I glanced at the numbers clicking away the miles, rhythmically measuring off the coveted roll over. I envisioned the possibilities: fireworks, though it’d be daytime, a serendipitous cavalcade of singers and dancers ala Doris Day:
or at least the significant Beethoven four beat–da da da dum. None of these happen as I turn into my driveway. I am three miles shy of my goal. My anticipated day of Shazzam will not be happening today.
A bit dramatic, I know, but ever I was a little kid I held great significance in the reckoning of the great roll over. It only happens once in the lifetime, at least I have only witnessed it once. And it happened today. And I almost missed it. This is way the MEPA, the Most Excellent Personal Assistant, is valued beyond belief. He noticed the momentous occasion on the way to obtain yogurt and fresh bananas:
“Look, Hon–it turns over in one mile.”
“What?! Ack, I almost missed it.”
Fumbling for my iPhone I quickly recorded the event. Blurry, yes; however, it is recorded for always and forever.
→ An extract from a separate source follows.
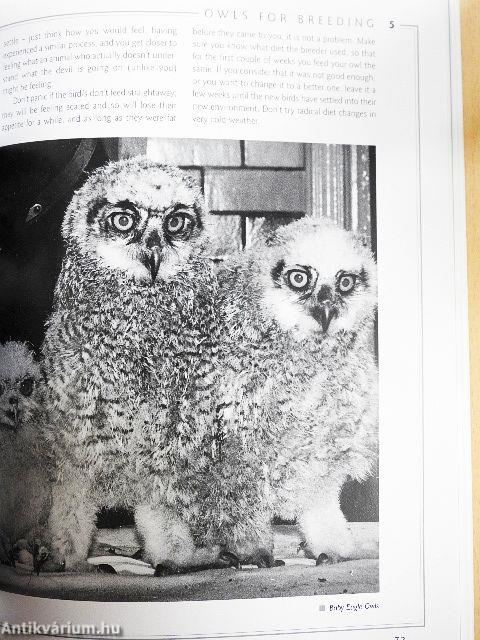 Understanding OWLS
What about you? Have you owned a car long enough to record the reckoning of the rollover?
My parents traded out cars regularly every five or so years (part of the old American dream, you know), so I never actually witnessed the event, although my kidmagination just assumed something significant happened at 100,000 miles–a second chance perhaps? All fibs erased? A sharper remembrance for the eights of the multiplication table? Something. I knew something had to happen.
Of course something had happened: I have saved $20,000 because I replaced the timing belt instead of buying a new Honda. I can’t wait for the next ($)100,000 miles and what it will have in store.
This set of 100,000 has seen the progeny through driver’s ed and high school graduation, trips to visit the grandkiddo, jaunts to do book research, vacation wanderings, Sunday drive escapes, and has ushered us into glad tidings of empty nestering. New car? No, not yet. This one still has a few more memories to accumulate.
We put less than 7,000 miles on our car, annually. It used to be less than 5,000, but we’ve been taking more road trips to Tahoe recently. We’ve owned it for 7 years, so we’ve got some time before it happens. I’ve never seen it happen before, so it could be a memorable experience. 😀 Most likely just as our son heads off to college. I don’t want to think about it. Sigh.
My car is a 2005 and if we didn’t take the periodic seven hour journey to visit the son and/or daughter I would have very few miles to boast of since life in a smalltown means everything is practically within walking distance.
I am on the verge of my second rollover. My 2007 Kia is about two or three months away from 200,000 miles.
Lordy, do I hate my looooong commute.
Whoah–you must have a long commute. I take it no fireworks or Doris Day dancing came with your rollover either.
No, but I did hum the song “16 Tons.”